◆ **Exercise requirements**: In the listing below, find the line with "051 inside shot" and the line with "2000 Nissan Maxima", then return them and every line between them exactly, minus the pictures.

◆ **Material supplied**:
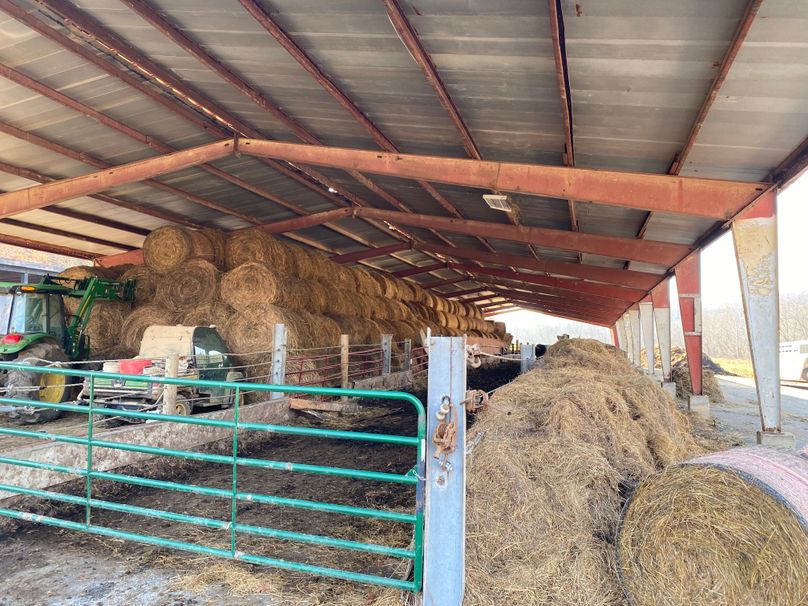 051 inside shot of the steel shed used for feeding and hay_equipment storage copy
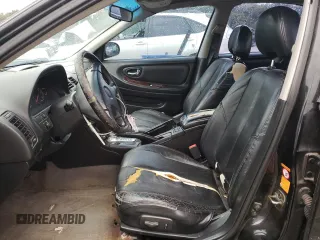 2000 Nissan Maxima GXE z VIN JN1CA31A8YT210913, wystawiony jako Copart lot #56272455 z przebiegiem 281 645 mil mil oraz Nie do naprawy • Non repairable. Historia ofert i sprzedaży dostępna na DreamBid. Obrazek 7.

...

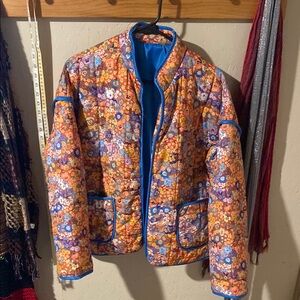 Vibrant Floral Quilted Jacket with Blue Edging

◆ **Written solution**:
 051 inside shot of the steel shed used for feeding and hay_equipment storage copy
 2000 Nissan Maxima GXE z VIN JN1CA31A8YT210913, wystawiony jako Copart lot #56272455 z przebiegiem 281 645 mil mil oraz Nie do naprawy • Non repairable. Historia ofert i sprzedaży dostępna na DreamBid. Obrazek 7.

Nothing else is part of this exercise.